Last indexed: 13 February 2026 (50f4d4)

Tokenization

Overview

Tokenization is the lexical analysis phase of the query translation pipeline. It transforms a raw query string into a sequence of structured Token objects, each representing the smallest syntactic unit of the Galach query language. This phase precedes parsing and is responsible for recognizing language constructs through pattern matching.

The tokenization system consists of three primary components: the Tokenizer class that performs the tokenization algorithm, the TokenExtractor abstract class that defines recognition patterns, and the resulting TokenSequence value object. The system is designed to be resilient—when no valid token can be recognized at a position, a special BAILOUT token is created to allow processing to continue.

For details on the specific token types recognized by the system, see Token Types. For information on implementing custom token recognition, see Token Extractors. For the algorithmic details of the tokenization process, see Tokenization Process.

Sources: lib/Languages/Galach/README.md33-74

Component Architecture

The tokenization system follows a strategy pattern where the Tokenizer class delegates token recognition rules to a TokenExtractor implementation. This separation allows customization of the language syntax without modifying the tokenization algorithm.

Core Component Diagram

Key Components:

Component	Type	Role
`Tokenizer`	Final class	Orchestrates tokenization algorithm, marked final to prevent inheritance
`TokenExtractor`	Abstract class	Extension point for defining token recognition patterns via regex
`Full`	Concrete extractor	Supports complete Galach syntax including tags, users, domains
`Text`	Concrete extractor	Supports text-focused subset: words, phrases, groups, basic operators
`Token`	Value object	Immutable representation of a lexical unit with position and type
`TokenSequence`	Value object	Immutable collection of tokens produced by tokenization

Sources: lib/Languages/Galach/README.md66-72 lib/Languages/Galach/README.md255-261 lib/Languages/Galach/README.md422-426

Tokenization Flow

The tokenization process transforms a query string into a TokenSequence through pattern matching. The Tokenizer iterates through the input string, applying regular expressions provided by the TokenExtractor to identify and extract tokens sequentially.

Tokenization Process Flow

The algorithm ensures that no input is considered invalid. When no pattern matches at the current position (such as an unclosed phrase delimiter "), a single character is extracted as a BAILOUT token, allowing processing to continue. The parser will later ignore these tokens and apply corrections.

Sources: lib/Languages/Galach/README.md115-126 lib/Languages/Galach/README.md230-239

Token Representation

Each Token is an immutable value object that encapsulates three key properties:

Property	Type	Description
`lexeme`	`string`	The actual text matched from the input
`position`	`int`	Byte offset in the input string where the token starts
`type`	`int`	Token type constant (`Tokenizer::TOKEN_*`)

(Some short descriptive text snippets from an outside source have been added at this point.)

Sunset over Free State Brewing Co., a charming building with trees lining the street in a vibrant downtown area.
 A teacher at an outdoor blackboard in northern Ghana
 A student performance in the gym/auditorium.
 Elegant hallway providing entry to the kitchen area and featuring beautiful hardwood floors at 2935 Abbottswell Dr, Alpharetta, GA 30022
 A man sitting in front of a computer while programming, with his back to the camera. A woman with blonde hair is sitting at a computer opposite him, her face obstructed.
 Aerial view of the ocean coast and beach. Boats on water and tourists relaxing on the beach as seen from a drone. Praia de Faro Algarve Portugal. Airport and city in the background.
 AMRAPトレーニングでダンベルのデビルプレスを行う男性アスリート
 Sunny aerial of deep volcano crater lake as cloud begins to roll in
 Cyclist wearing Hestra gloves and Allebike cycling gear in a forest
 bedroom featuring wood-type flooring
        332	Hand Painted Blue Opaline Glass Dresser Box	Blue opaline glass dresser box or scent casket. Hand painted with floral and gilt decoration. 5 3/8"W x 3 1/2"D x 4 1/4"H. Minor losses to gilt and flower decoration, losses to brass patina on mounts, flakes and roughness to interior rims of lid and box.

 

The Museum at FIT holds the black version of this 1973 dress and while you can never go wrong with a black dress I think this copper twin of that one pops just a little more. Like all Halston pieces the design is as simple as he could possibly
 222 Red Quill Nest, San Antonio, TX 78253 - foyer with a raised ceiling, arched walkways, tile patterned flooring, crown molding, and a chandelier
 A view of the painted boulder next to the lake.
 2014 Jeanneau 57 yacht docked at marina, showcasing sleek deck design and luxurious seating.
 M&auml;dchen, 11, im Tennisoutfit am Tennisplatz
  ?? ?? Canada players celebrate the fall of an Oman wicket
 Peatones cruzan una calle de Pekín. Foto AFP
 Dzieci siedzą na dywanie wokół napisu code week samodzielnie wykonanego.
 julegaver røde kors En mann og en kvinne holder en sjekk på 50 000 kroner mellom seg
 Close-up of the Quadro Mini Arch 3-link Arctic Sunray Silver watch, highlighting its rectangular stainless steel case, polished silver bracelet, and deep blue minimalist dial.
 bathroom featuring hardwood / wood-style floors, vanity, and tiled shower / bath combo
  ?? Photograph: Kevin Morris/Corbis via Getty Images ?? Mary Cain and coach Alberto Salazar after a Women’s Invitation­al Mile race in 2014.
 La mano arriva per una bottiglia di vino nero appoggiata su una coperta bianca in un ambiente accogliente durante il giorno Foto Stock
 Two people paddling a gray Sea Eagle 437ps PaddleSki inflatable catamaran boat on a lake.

The position property uses byte offsets rather than character offsets, which is important for handling multi-byte UTF-8 characters correctly. The type property corresponds to one of 11 predefined constants defined in the Tokenizer class.

Token Type Categories

Term tokens can carry additional semantic information. For example, Word and Phrase tokens may have an optional domain property (e.g., title:word), while GroupBegin tokens can also have a domain prefix (e.g., description:().

Sources: lib/Languages/Galach/README.md258-387 lib/Languages/Galach/SYNTAX.md1-66

TokenExtractor Architecture

The TokenExtractor abstract class is the primary extension point for customizing the lexical rules of the language. It defines which tokens are recognized and how they are extracted through regular expression patterns.

TokenExtractor Interface

Implementation Requirements:

getExpressionTypeMap(): Returns an associative array mapping regular expressions to Tokenizer::TOKEN_* constants. The order of patterns matters—they are applied in sequence, and the first match wins.
createTermToken(): Factory method that receives matched data and constructs a concrete Token instance. This method receives data from named capture groups in the regex, allowing extraction of semantic information (e.g., domain prefixes).
createGroupBeginToken() (optional): Similar factory for GROUP_BEGIN tokens, useful when groups can have domain prefixes or other custom properties.

The regex patterns use named capture groups to extract structured data from the matched text. For example, a pattern for domain-prefixed words might capture both the domain and the word separately.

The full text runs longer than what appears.